On 9 Aug 1904 Pension accepted the resignation of the Revd Charles James Thompson as Preacher and on 17 Nov promoted Fletcher to the post. On 7 March 1905 the Revd Maurice Henry Llewellyn Williams was appointed to the vacant post of Reader, which he held until 17 May 1911, when he tendered his resignation in order to take up a living in Wales. He was replaced on 22 Nov 1911 by the Revd John Leoline Phillips, Classical Master and Chaplain of St Paul’s School.

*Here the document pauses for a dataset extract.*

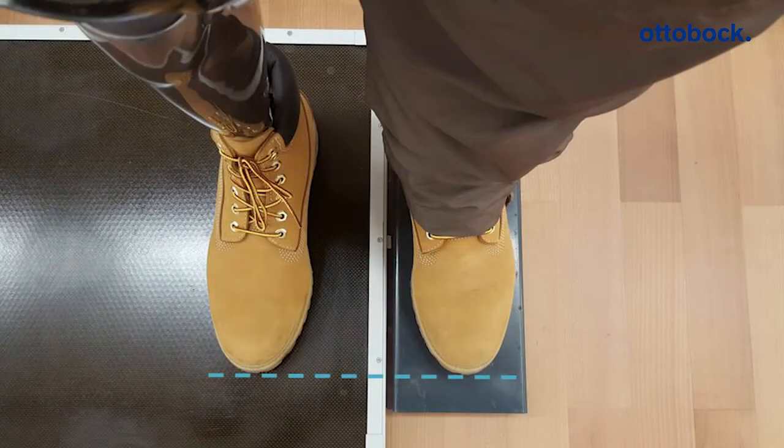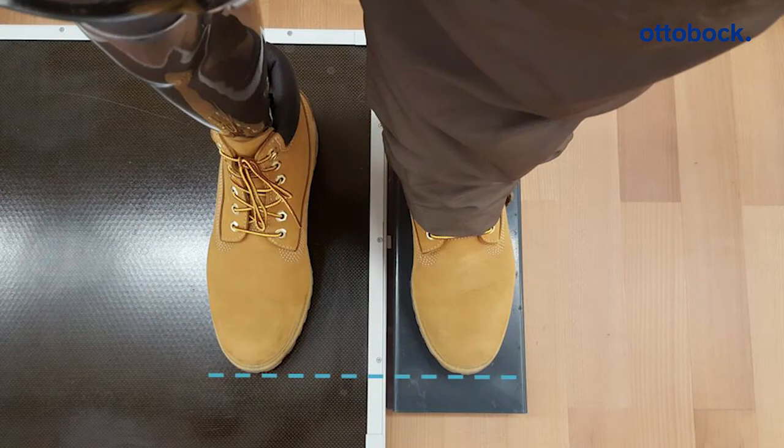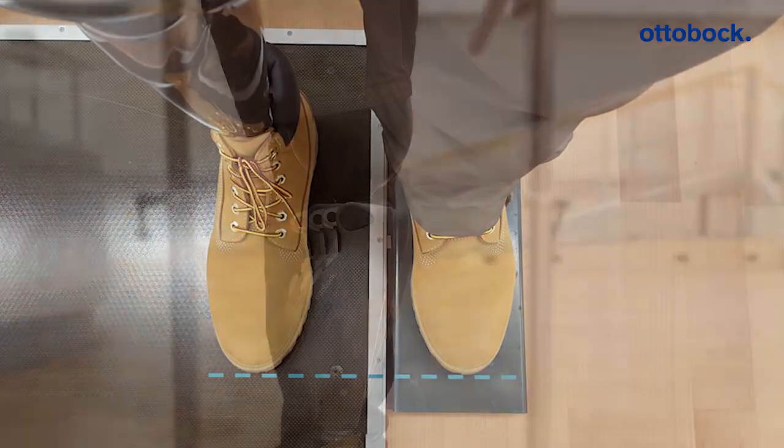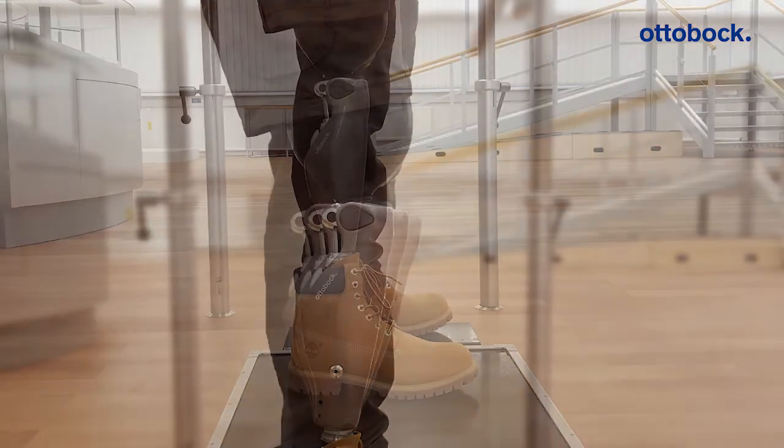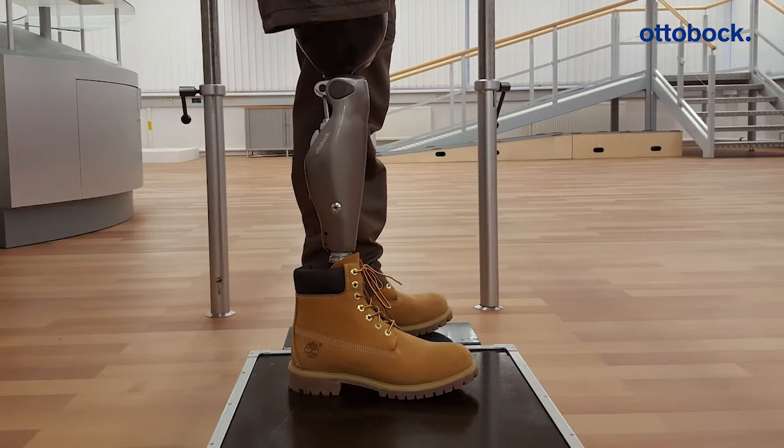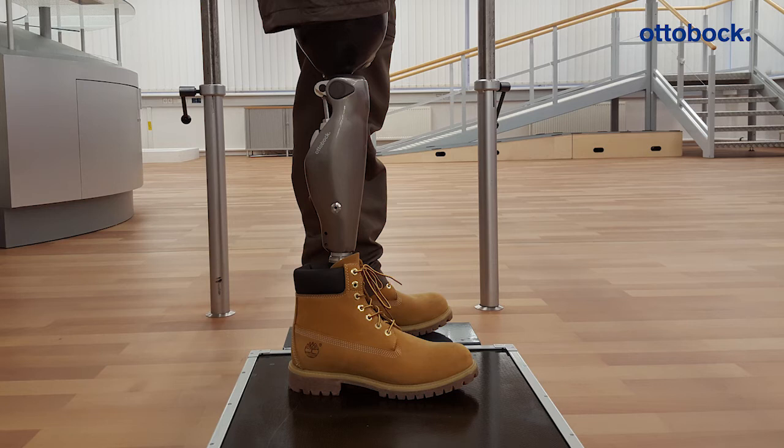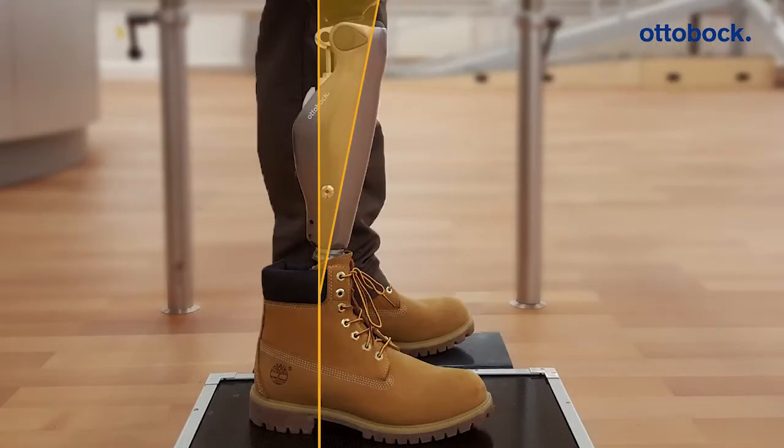The toes should be at the same height if the alignment is correct. Three criteria are required for a successful calibration: the user must stand still with the knee joint extended, and the angle of inclination of the knee joint must fall within the calibration range.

On 25 July 1919 Fletcher resigned as Preacher, in order to accept a canonry in Bristol. It was noted in a special committee report that the Preachership should be kept vacant for the time being, as the expenses of the Chapel were unacceptably high and the duties were not, in the Committee’s opinion, enough to warrant two posts. Phillips the Reader was prepared to take on the necessary additional duties on his existing salary of £150 a year, and as a concession Pension assured him that he need not consider it an obligation always to dine in Hall. Phillips resigned on 30 Oct 1920, with effect from 20 Dec 1920, and the Inn found it necessary once more to re-think the Chapel duties.

Chaplain: Matthews

The conclusion was that only one post was necessary, as all that was required was a clergyman to conduct the “simple services” and preach “not more than 30 sermons per annum”, with attendance in Hall compulsory only on Grand Nights. The salary was to be £200 per annum, and the title of the new amalgamated post was to be “Chaplain”, as that of “Reader” was historically linked to the junior clergy post attached to the Chapel. The man appointed, on 24 Nov 1920, was the Revd Dr Walter Robert Matthews, Professor of the Philosophy of Religion and Dean of King’s College. On 21 Feb 1923 it was announced to Pension that he had been appointed Chaplain to the King. In 1926 he was appointed Special Preacher for the Hilary Term and his stipend was raised from £200 per annum to 300 guineas (with the comment that that was what the Inn had spent on the pre-war Preacher, besides another 100 guineas per annnum paid to the Reader). No reason was recorded for this decision of Pension, which coincided with the election of HRH the Duke of Connaught as a Royal Bencher: the supporting report was given to Pension in verbal form only.

Preacher: new style

Finally, on 20 June 1928 it was ordered that Dr Matthews should be appointed Preacher, with the duties as worked out for the Chaplain’s post, and given dining rights at the Bench Table as if he were an Honorary Bencher.